XHPNK-FM is a radio station on 103.5 FM in Los Mochis, Sinaloa. It is owned by Grupo Radio Centro and is known as Radio Variedades with a romantic format.

History
XEPNK-AM 880 received its concession on November 19, 1980. The 5,000-watt daytimer was owned by Felipe García de León. In the mid-1980s, García de León traded XEPNK to Grupo OIR in exchange for XEOS and XEHX radio in Ciudad Obregón, Sonora. The concession transferred to Radio y Televisión de Sinaloa in 1993, around which time XEPNK boosted its power to 10,000 watts day and 2,000 night.

In 2011, XEPNK moved to FM as XHPNK-FM 103.5.

In 2016, after Grupo Radio México transferred operational control of the station to Radiorama, XHPNK changed names from La Rancherita to Romántica as part of a frequency shuffle of formats at the cluster.

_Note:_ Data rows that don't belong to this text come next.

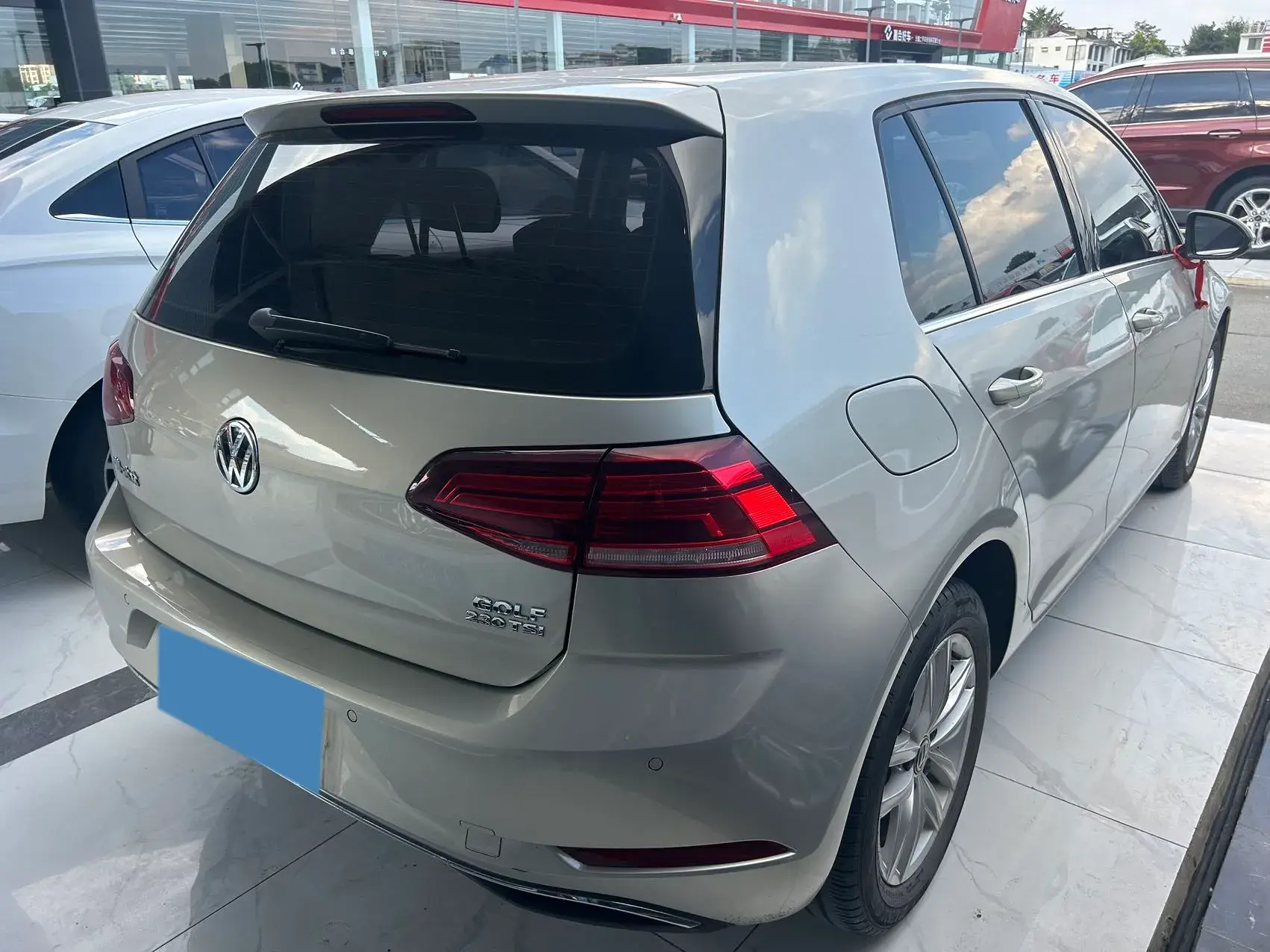 2018 VOLKSWAGEN GOLF thumbnail 4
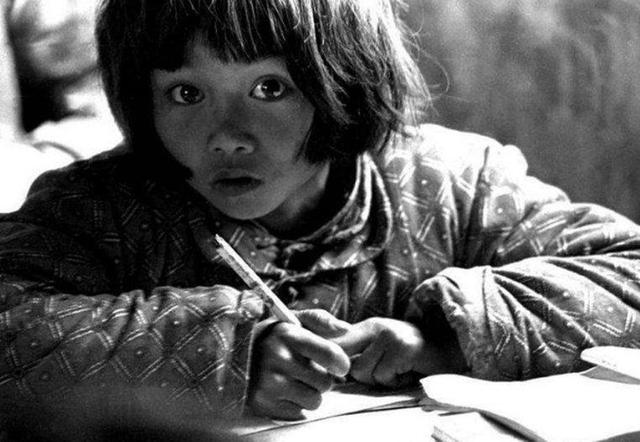 8岁小女孩因“一双大眼睛”,被中国人记住,由国家全力培养,对此你怎么看？
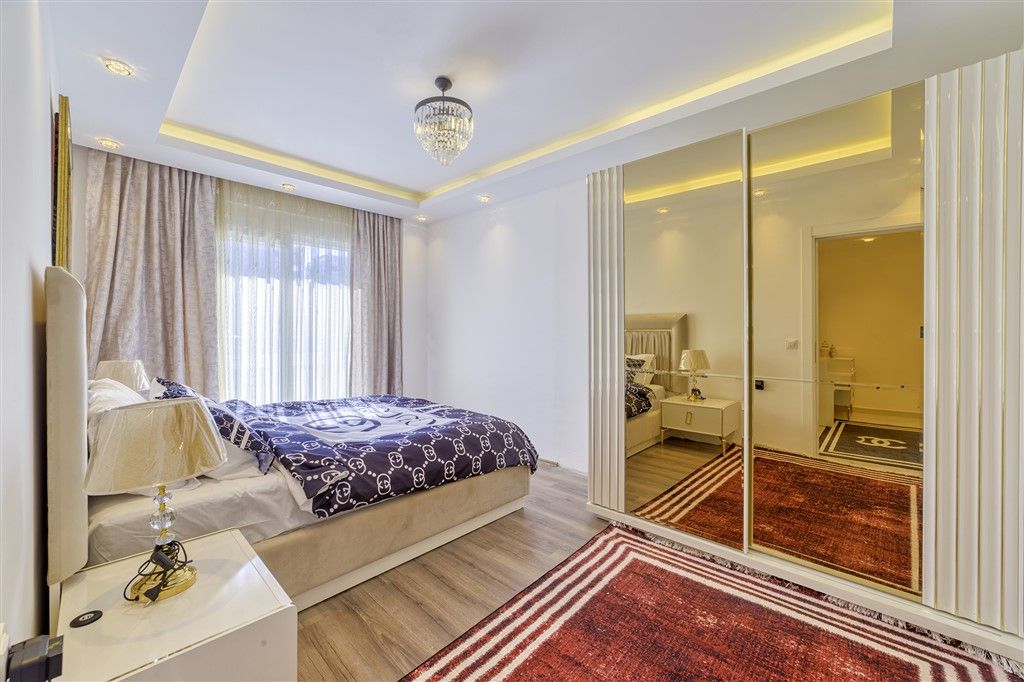 Apartment in popular district Mahmutlar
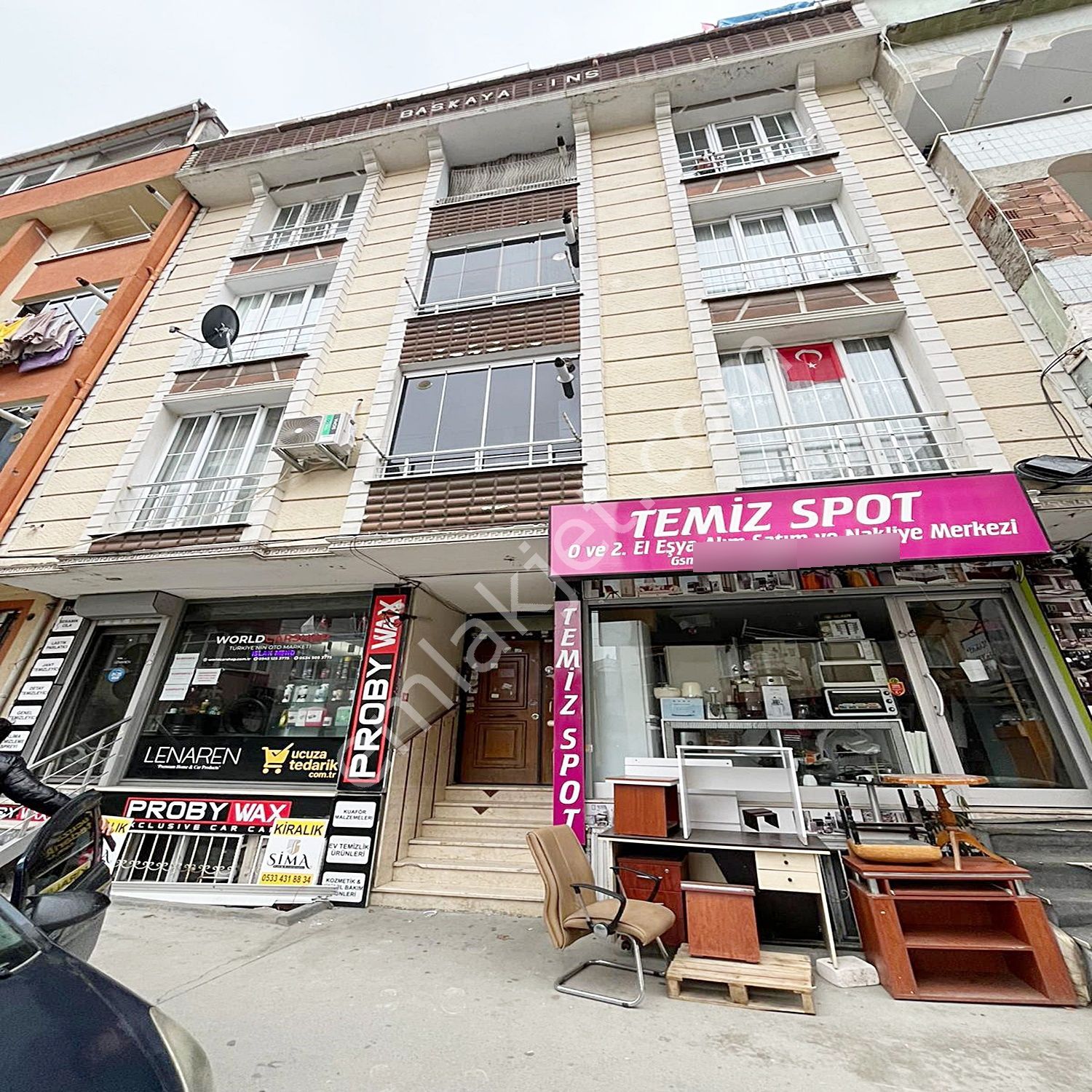 Metrobüsün Dibinde Bahçeli 1+1 Kiralık Daire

GRC, GRM's successor, resumed operating the stations in February 2019, with XHPNK becoming Radio Variedades, the former name of XHCW-FM 96.5.

On March 10, 2021, the Federal Telecommunications Institute denied an application for the renewal of XHPNK-FM's concession for failure to pay the final installment of its fee to move to FM.